===== Listed records

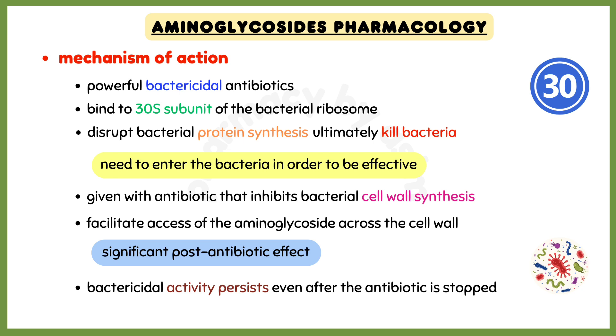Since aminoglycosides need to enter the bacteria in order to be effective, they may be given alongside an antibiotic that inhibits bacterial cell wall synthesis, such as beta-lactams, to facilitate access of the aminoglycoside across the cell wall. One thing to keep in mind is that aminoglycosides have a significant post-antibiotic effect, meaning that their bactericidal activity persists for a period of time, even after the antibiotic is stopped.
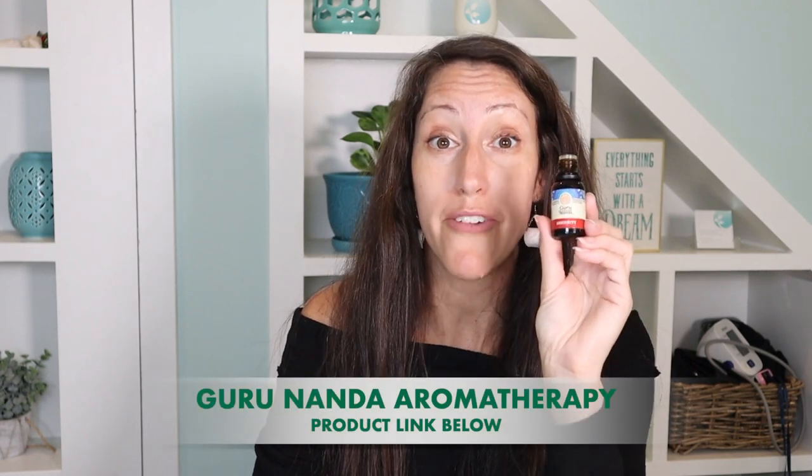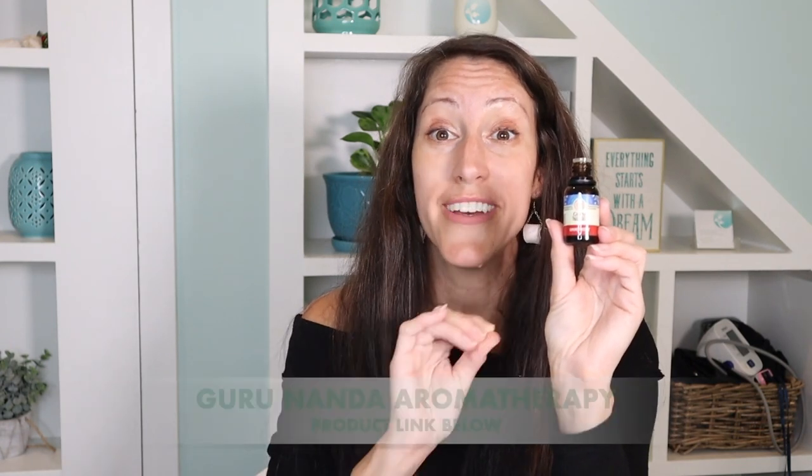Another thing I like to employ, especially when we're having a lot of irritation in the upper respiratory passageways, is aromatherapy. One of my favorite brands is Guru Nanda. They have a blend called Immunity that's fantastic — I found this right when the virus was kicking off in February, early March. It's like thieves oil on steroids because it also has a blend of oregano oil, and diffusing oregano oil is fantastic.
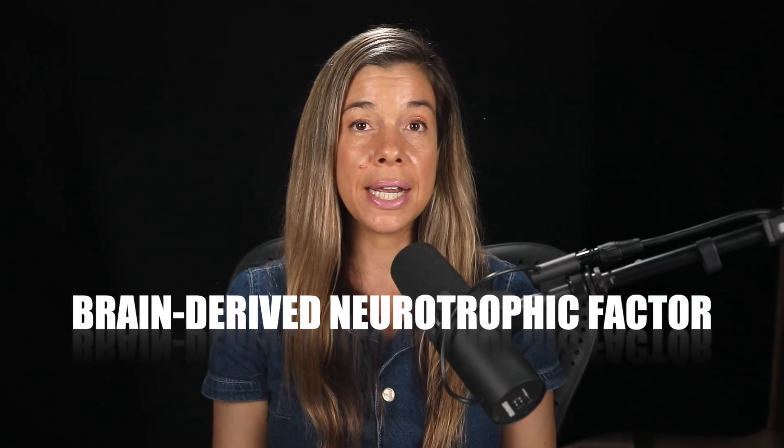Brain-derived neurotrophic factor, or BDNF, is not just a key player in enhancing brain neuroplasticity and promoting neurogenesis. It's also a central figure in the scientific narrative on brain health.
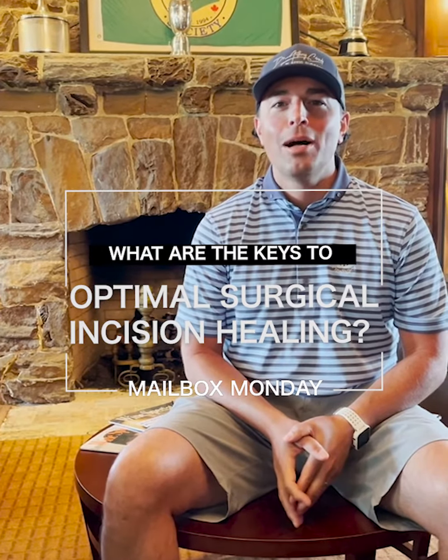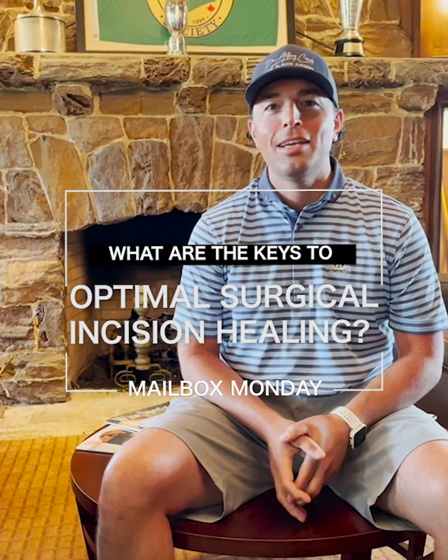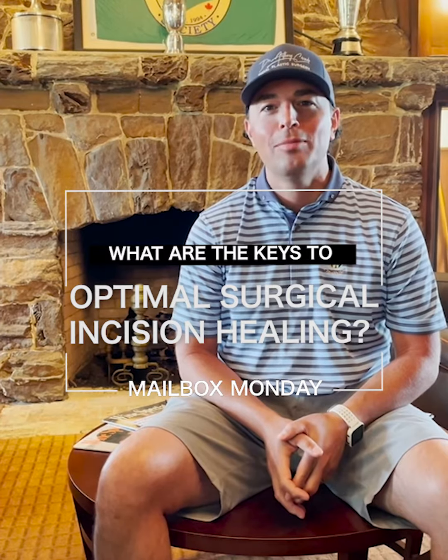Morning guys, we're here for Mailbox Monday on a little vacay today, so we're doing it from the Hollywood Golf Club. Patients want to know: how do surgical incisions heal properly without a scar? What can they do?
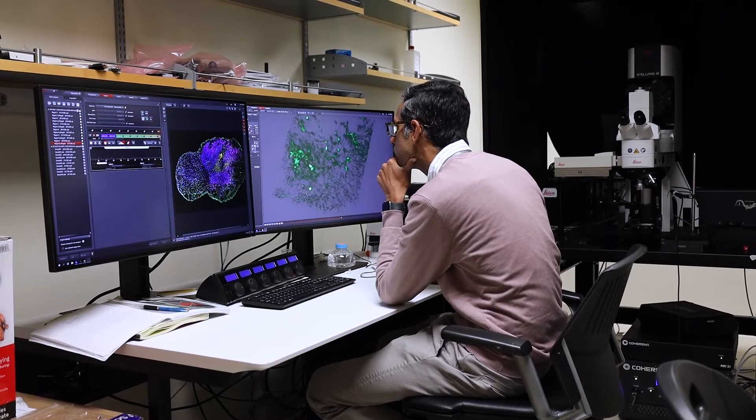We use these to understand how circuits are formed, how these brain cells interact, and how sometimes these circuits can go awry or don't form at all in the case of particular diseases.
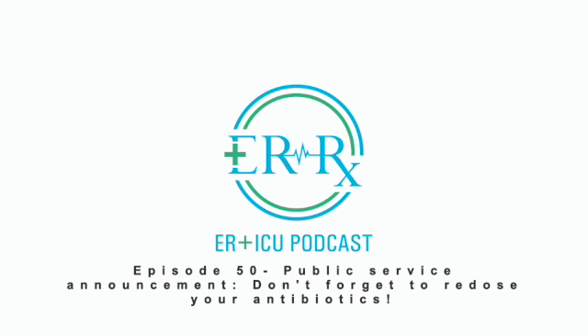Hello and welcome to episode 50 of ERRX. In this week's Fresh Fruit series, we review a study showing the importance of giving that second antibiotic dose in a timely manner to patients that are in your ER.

==========
===== Listed records

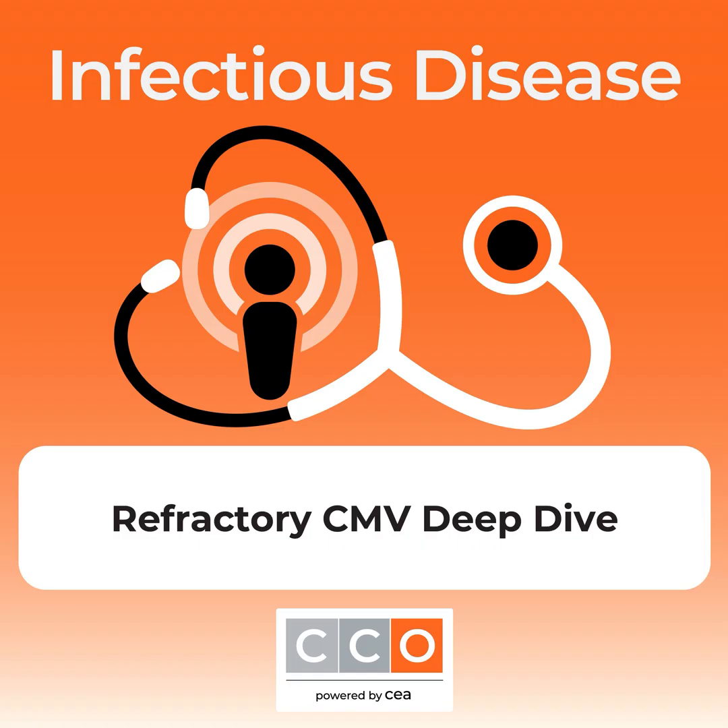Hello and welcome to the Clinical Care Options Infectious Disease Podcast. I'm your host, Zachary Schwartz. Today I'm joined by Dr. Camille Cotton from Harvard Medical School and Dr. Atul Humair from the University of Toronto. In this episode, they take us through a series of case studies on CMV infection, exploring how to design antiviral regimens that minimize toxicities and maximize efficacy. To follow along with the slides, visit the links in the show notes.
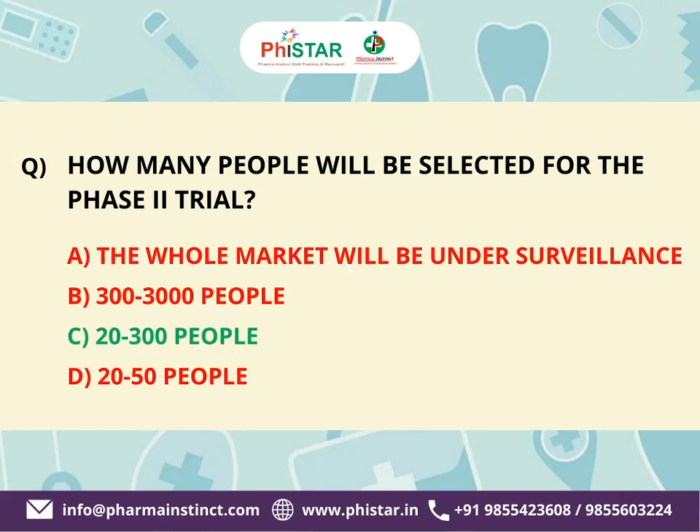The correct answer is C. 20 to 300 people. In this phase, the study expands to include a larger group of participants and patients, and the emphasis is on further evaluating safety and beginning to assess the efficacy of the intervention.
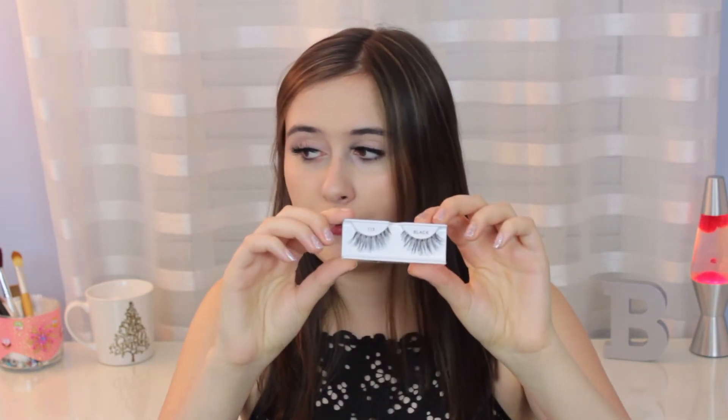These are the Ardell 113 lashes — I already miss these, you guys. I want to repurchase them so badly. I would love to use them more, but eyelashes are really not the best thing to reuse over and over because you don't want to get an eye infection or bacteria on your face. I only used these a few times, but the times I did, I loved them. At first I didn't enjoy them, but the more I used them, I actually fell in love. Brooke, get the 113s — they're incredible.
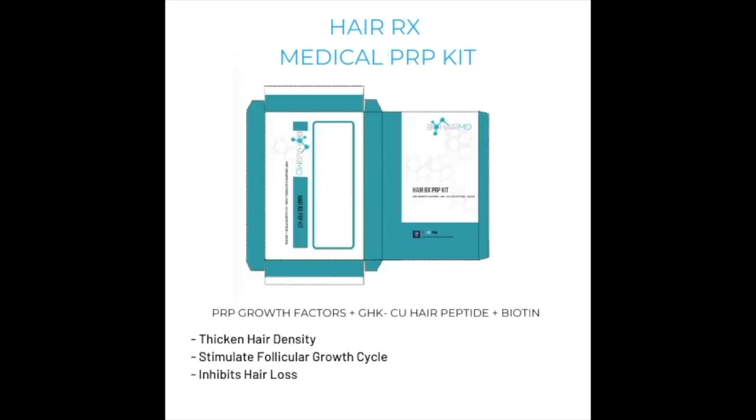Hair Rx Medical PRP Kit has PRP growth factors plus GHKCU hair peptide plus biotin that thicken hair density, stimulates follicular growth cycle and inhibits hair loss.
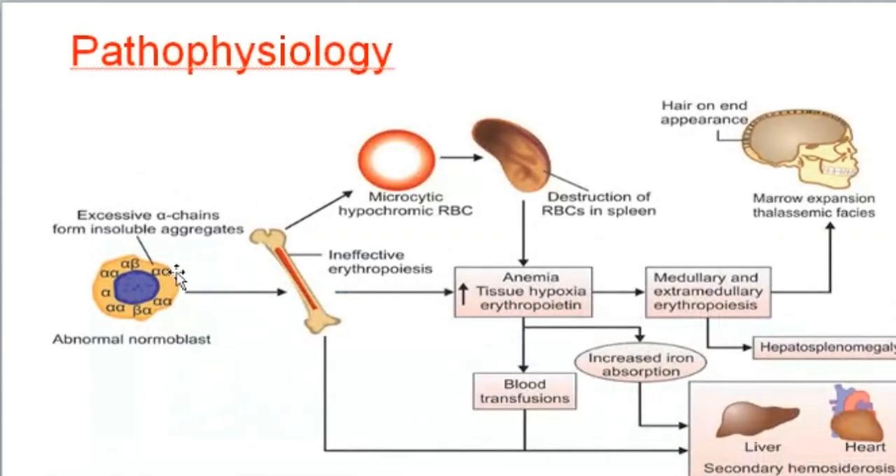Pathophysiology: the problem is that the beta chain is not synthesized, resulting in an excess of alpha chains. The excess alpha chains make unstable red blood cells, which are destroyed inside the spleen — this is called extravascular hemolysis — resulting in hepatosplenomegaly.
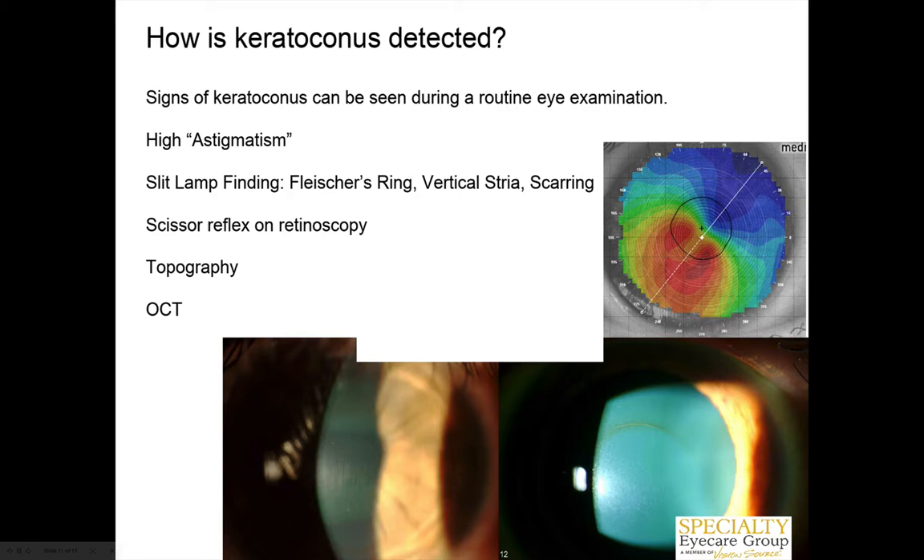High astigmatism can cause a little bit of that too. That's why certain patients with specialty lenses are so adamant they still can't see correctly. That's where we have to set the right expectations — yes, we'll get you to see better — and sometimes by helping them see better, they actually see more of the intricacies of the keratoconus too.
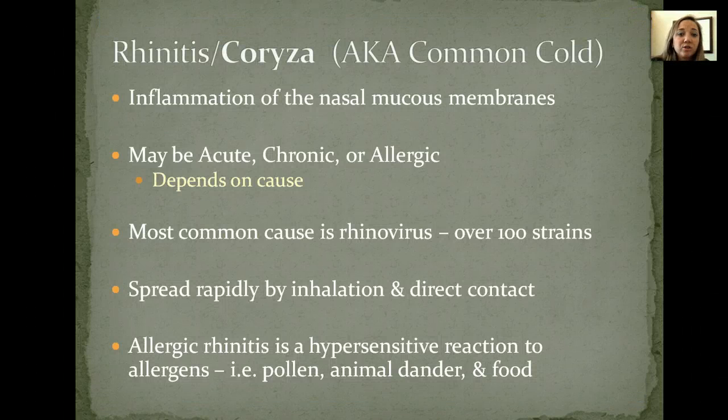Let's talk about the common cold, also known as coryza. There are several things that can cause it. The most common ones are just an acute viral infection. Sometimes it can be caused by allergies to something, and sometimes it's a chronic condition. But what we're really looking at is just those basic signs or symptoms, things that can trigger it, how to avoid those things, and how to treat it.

==========
===== Listed records

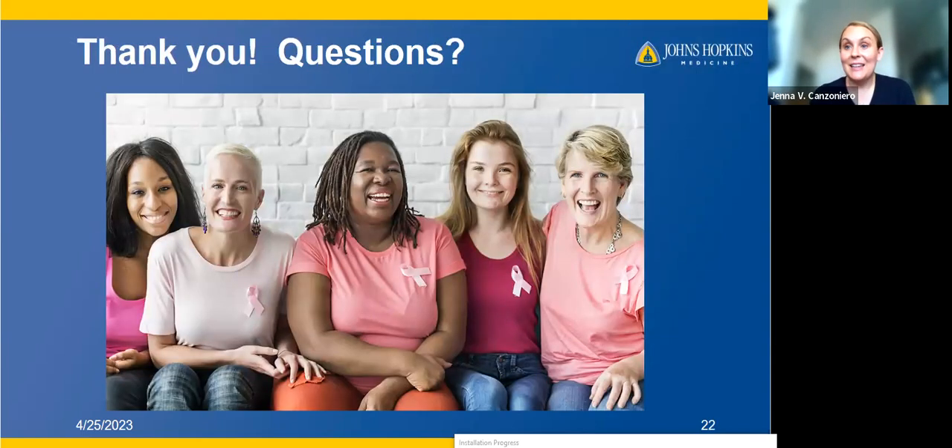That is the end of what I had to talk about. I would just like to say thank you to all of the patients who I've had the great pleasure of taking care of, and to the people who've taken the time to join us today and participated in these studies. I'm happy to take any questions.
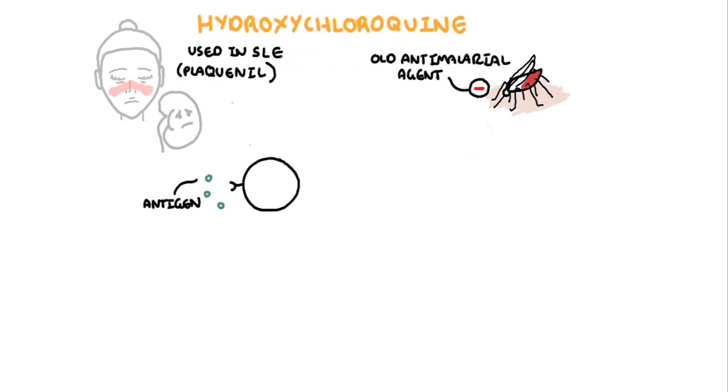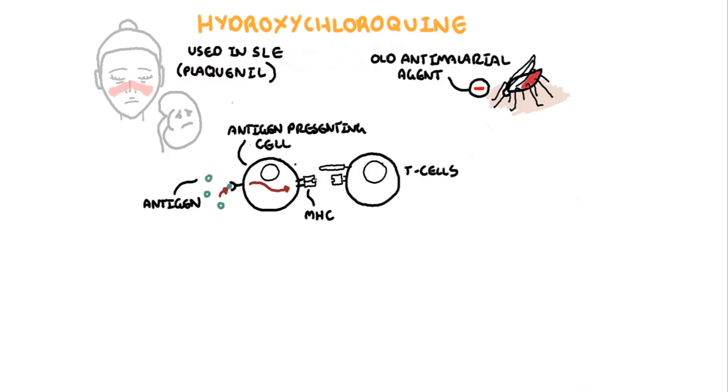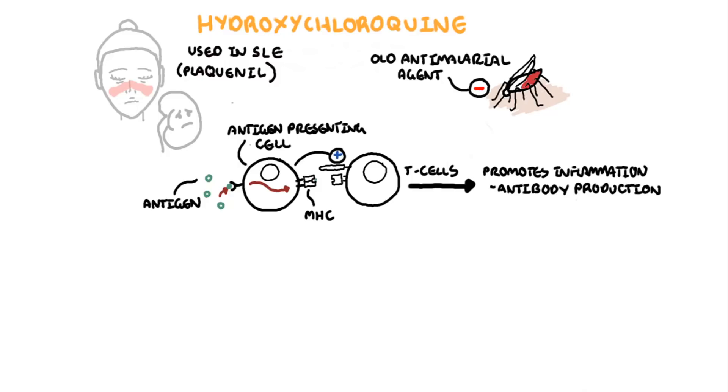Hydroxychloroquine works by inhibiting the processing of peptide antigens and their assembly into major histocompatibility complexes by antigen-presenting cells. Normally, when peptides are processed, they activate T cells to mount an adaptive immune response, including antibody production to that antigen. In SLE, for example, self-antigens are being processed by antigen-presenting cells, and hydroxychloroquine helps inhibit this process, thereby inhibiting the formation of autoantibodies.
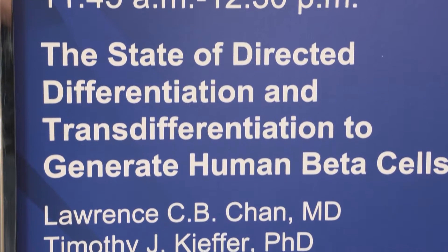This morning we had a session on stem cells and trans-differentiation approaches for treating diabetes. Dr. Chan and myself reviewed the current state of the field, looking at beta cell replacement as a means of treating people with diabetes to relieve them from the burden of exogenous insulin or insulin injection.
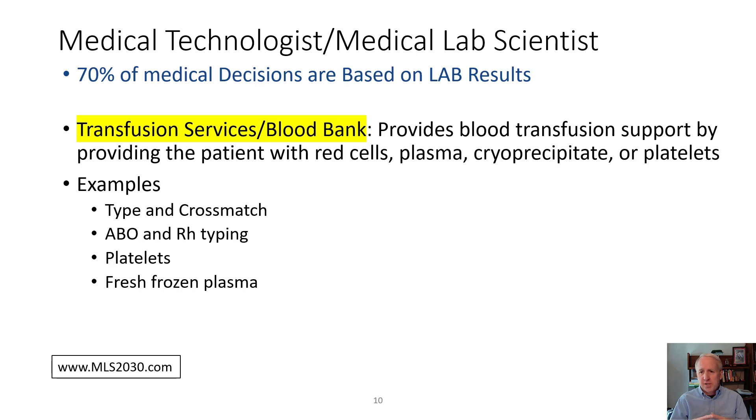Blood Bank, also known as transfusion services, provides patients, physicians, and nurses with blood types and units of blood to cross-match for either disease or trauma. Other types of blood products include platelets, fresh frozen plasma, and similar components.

==========

What to do: What's needed is an exact copy of the lines above from the one with "The correct answer" through the one with "Let's talk about", both included; the pictures stay out.

Answer to this exercise:
The correct answer is C. 20 to 300 people. In this phase, the study expands to include a larger group of participants and patients, and the emphasis is on further evaluating safety and beginning to assess the efficacy of the intervention.
These are the Ardell 113 lashes — I already miss these, you guys. I want to repurchase them so badly. I would love to use them more, but eyelashes are really not the best thing to reuse over and over because you don't want to get an eye infection or bacteria on your face. I only used these a few times, but the times I did, I loved them. At first I didn't enjoy them, but the more I used them, I actually fell in love. Brooke, get the 113s — they're incredible.
Hair Rx Medical PRP Kit has PRP growth factors plus GHKCU hair peptide plus biotin that thicken hair density, stimulates follicular growth cycle and inhibits hair loss.
Pathophysiology: the problem is that the beta chain is not synthesized, resulting in an excess of alpha chains. The excess alpha chains make unstable red blood cells, which are destroyed inside the spleen — this is called extravascular hemolysis — resulting in hepatosplenomegaly.
High astigmatism can cause a little bit of that too. That's why certain patients with specialty lenses are so adamant they still can't see correctly. That's where we have to set the right expectations — yes, we'll get you to see better — and sometimes by helping them see better, they actually see more of the intricacies of the keratoconus too.
Let's talk about the common cold, also known as coryza. There are several things that can cause it. The most common ones are just an acute viral infection. Sometimes it can be caused by allergies to something, and sometimes it's a chronic condition. But what we're really looking at is just those basic signs or symptoms, things that can trigger it, how to avoid those things, and how to treat it.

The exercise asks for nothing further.